Smith não conseguiu descobrir a idade com que a nobre morreu. No entanto, observou que seus cabelos ainda não estavam brancos, o que poderia indicar que ela faleceu ainda relativamente jovem. Além disso, percebeu seu estômago apresentava uma aparência inchada e seus seios estavam aumentados, o que fez com que o pesquisador sugerisse que ela havia morrido grávida, em trabalho de parto ou ainda devido a uma infecção pós-parto.

Seu escaravelho de coração foi roubado por ladrões de túmulo, assim como grande parte do ouro contido em seu caixão.

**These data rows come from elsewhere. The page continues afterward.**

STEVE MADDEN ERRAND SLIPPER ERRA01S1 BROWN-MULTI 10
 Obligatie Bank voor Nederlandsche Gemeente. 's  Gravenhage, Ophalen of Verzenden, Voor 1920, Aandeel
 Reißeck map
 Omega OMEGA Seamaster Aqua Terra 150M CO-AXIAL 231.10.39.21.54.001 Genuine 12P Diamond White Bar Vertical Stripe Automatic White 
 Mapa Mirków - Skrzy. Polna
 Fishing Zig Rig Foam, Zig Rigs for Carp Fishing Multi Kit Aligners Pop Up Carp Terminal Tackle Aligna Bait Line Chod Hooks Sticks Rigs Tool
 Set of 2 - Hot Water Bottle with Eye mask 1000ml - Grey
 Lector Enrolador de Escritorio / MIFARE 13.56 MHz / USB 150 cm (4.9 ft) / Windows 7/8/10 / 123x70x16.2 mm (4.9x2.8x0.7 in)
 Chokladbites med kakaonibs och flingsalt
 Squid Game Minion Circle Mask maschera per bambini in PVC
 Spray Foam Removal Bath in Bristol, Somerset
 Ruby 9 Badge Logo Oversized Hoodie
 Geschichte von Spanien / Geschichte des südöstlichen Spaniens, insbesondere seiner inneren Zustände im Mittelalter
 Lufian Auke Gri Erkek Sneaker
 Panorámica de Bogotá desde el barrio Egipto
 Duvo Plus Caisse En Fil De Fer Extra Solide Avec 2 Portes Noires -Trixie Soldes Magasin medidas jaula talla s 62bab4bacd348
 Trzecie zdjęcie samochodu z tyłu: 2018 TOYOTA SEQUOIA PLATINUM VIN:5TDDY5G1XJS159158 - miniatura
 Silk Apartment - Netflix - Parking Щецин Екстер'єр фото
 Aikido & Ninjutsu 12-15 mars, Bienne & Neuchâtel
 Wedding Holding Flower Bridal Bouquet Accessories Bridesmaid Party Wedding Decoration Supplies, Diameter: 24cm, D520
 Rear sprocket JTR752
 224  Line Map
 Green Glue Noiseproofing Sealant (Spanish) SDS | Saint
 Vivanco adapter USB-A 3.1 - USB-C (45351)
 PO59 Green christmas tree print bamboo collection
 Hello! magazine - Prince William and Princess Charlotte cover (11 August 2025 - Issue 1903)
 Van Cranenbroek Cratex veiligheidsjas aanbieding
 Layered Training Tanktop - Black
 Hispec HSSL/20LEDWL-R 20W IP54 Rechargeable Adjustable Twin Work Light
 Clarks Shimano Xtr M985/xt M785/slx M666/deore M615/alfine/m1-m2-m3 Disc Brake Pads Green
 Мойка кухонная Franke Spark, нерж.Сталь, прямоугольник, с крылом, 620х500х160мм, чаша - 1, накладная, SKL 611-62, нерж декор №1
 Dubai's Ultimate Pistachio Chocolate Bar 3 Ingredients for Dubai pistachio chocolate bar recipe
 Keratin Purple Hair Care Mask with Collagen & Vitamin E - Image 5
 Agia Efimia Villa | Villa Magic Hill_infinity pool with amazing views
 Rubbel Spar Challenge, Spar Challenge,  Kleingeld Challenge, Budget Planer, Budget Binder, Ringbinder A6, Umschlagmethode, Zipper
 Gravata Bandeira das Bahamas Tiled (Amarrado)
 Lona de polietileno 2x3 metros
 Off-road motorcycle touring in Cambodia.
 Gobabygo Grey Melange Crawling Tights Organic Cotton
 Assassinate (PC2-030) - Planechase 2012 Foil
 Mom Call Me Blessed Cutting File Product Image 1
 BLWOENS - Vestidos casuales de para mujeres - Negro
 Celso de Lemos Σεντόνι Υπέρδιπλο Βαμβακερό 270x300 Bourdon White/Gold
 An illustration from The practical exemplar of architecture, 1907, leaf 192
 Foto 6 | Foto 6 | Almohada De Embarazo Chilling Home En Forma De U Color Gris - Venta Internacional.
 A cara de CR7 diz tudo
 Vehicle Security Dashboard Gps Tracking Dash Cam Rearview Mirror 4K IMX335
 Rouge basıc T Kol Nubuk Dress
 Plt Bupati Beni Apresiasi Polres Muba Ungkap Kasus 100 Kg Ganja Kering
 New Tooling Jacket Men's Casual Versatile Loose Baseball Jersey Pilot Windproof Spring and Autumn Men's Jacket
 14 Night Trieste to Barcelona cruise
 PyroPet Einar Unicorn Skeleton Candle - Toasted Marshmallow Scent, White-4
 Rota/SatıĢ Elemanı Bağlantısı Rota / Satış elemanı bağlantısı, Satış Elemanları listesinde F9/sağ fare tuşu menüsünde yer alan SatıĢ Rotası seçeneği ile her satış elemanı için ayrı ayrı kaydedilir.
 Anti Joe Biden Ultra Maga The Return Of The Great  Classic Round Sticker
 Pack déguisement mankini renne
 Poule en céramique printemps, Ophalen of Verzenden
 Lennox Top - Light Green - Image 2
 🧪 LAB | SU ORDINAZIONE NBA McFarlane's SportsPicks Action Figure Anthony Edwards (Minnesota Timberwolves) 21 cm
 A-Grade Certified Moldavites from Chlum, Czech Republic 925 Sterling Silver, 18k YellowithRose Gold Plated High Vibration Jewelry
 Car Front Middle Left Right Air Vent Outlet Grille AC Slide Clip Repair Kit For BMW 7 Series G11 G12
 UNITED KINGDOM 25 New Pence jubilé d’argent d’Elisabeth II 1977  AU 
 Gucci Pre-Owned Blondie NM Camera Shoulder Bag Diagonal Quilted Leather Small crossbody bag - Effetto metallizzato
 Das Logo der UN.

Neskhons ainda recebeu olhos artificiais feitos de pedra, aos quais Smith acrescentou uma observação curiosa — ele observou que os fragmentos haviam "se desintegrado muito”. Para descrever o rosto da múmia, utilizou os seguintes adjetivos: estreito, elíptico e gracioso. A técnica de embalsamamento, no entanto, fez com que grossas camadas de resina incrustada obscurecessem as características faciais da nobre.

Suas orelhas tinham os lóbulos, além de furados, visivelmente alongados e esticados. Para o pesquisador, isso indicava que a dama usava brincos muito pesados frequentemente.